In fact, the Dow Jones rallied on Tuesday by more than 300 points after Monday’s tech-driven sell-off, which came following Trump’s proposed regulation of firms including Google and Facebook.

However, the greenback has continued to show weakness during Trump’s UK visit, with the GBP/USD earning incremental gains despite continued political pessimism. But how will the Tory leadership contest impact on the markets, and how should traders prepare for the upheaval?


How the Tory Leadership Contest Could Drag down the Pound

In truth, the pound has traded in an ever-depreciating range since the shock EU referendum vote in June 2016, and it continues to remain vulnerable despite recently breaking its worst run against the Euro since the turn of the century.

This trend is expected to continue in the foreseeable future too, with a bleak economic forecast and the ongoing uncertainty created by Brexit capping the progress of the pound against both the Euro and the U.S. Dollar.

Whilst Brexit is undoubtedly hindering the UK’s short and medium-term economic prospects, it’s also creating a huge political divide within the governing Tory party. This will force Prime Minister Theresa May to leave her position shortly after Trump’s visit on the week commencing July 23rd.

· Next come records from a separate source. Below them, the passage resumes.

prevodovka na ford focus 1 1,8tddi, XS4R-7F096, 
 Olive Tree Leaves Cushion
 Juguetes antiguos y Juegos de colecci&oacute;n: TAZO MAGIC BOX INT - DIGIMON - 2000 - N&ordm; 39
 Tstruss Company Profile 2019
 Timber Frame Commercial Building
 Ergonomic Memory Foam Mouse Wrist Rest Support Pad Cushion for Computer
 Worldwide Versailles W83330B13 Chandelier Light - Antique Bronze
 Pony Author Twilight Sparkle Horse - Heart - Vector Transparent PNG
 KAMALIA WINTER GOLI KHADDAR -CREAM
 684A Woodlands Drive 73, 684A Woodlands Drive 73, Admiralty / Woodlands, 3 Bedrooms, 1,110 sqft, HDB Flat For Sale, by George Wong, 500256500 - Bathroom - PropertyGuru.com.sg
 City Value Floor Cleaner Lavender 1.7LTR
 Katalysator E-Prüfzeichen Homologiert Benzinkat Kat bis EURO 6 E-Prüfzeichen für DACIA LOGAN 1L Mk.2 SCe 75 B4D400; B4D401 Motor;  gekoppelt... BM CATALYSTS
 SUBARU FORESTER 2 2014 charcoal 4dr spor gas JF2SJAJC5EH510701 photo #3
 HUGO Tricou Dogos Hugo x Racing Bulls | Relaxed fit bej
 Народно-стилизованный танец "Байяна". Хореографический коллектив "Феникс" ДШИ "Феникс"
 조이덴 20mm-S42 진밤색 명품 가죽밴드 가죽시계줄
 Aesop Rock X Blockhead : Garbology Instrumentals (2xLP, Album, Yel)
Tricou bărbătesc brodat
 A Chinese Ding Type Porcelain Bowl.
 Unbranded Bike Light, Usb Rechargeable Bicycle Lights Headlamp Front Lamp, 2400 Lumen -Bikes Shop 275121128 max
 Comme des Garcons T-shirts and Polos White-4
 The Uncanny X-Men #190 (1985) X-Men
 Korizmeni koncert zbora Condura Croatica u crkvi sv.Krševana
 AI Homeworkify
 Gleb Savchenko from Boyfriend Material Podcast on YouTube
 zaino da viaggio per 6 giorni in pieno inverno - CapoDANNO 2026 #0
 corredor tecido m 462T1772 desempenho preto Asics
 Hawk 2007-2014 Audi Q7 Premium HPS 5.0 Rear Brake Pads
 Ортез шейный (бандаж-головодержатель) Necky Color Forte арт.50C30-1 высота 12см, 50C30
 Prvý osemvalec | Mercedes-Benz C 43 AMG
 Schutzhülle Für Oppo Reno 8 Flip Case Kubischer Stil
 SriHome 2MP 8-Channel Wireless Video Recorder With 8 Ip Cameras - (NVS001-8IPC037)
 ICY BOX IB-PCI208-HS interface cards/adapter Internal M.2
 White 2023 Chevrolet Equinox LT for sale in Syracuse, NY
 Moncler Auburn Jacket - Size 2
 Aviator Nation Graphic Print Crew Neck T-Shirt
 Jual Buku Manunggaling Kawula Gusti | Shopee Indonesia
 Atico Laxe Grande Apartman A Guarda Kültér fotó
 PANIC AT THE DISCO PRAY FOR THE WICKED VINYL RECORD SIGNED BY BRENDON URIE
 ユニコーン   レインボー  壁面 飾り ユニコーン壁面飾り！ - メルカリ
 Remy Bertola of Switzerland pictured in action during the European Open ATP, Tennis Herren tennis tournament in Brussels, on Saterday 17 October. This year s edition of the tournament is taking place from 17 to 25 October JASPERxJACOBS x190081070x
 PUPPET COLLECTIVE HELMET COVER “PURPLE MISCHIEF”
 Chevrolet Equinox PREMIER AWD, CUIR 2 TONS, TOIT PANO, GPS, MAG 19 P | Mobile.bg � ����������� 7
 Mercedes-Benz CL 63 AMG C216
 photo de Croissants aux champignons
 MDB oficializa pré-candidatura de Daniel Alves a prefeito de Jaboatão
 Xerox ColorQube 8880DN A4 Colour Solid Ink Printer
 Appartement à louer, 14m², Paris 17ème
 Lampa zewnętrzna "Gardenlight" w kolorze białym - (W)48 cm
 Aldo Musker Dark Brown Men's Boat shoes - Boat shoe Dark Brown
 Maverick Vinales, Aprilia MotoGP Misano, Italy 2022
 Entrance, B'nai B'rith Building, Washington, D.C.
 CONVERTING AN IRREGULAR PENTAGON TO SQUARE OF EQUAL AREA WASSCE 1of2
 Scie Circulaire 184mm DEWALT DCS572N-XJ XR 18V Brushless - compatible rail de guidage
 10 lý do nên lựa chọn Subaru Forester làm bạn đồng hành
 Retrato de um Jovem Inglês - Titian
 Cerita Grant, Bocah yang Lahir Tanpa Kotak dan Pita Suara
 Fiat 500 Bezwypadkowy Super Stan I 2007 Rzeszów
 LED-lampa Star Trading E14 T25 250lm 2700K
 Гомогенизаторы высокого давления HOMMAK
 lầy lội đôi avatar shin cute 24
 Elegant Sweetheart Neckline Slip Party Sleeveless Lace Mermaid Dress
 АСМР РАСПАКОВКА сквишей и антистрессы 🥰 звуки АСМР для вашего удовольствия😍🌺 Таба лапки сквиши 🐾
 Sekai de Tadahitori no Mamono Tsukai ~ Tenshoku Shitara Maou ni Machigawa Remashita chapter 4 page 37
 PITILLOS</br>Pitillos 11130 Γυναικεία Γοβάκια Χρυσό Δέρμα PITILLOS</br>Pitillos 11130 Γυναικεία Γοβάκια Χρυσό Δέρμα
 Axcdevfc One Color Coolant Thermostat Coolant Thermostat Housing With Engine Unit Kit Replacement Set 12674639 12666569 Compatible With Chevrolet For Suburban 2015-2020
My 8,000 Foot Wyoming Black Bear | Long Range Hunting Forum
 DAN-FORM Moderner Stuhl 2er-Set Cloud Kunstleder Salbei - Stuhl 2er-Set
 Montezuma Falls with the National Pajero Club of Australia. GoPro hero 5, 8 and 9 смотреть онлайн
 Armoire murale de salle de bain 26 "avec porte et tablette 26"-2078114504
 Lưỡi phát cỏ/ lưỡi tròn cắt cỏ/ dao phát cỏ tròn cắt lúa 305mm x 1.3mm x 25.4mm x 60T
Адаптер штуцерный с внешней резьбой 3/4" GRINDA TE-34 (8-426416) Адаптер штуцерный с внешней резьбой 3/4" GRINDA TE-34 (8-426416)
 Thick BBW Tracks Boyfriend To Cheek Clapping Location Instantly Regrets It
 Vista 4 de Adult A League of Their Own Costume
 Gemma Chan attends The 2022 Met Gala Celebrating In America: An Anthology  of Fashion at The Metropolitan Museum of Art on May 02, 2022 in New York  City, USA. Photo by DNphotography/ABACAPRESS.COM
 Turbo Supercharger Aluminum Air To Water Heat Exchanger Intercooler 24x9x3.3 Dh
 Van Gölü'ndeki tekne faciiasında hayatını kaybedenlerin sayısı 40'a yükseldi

So although Oanda has reported incremental GBP gains against its major rivals of late, it continues to stagger into political headwinds that are hard to navigate. As a result, it’s currently trading barely 0.5% above four-month lows and expected to fall lower as the speculation surrounding May’s replacement becomes increasingly intense.

This issue is being compounded by the diversity of candidates on offer, with some keen on securing a deal-oriented Brexit and others happier to consider leaving the EU without a withdrawal agreement in October.

Whilst both outcomes are considered far from ideal for the UK economy, a no-deal Brexit would be incredibly damaging, and the mere prospect of this happening is enough to minimise any sterling rallies in the near-term.


How Should you Prepare for this as a Forex Trader?

Whilst currency traders can leverage this uncertainty in the short-term by hedging against the pound, this is made complicated by the relative weakness of the greenback and the similarly affected Euro.

For those with a longer-term outlook, successful candidate in the Conservative leadership race will have a massive bearing on your strategy.

The overwhelming favourite from the current crop of candidates remains the former foreign secretary Boris Johnson, who would be a controversial choice and is thought to be the most likely to align with the Eurosceptic wing of the party.

This would increase the risk of a no-deal Brexit considerably, which would in turn likely send the pound plummeting to the record lows recorded in the wake of the referendum.

In this instance, hedging against the pound and investing in the USD/GBP pairing would represent a viable strategy for investors. Any subsequent trade deal between the U.S. and the UK would also be heavily stacked in favour of the former, strengthening economic sentiment in the states and driving the greenback higher.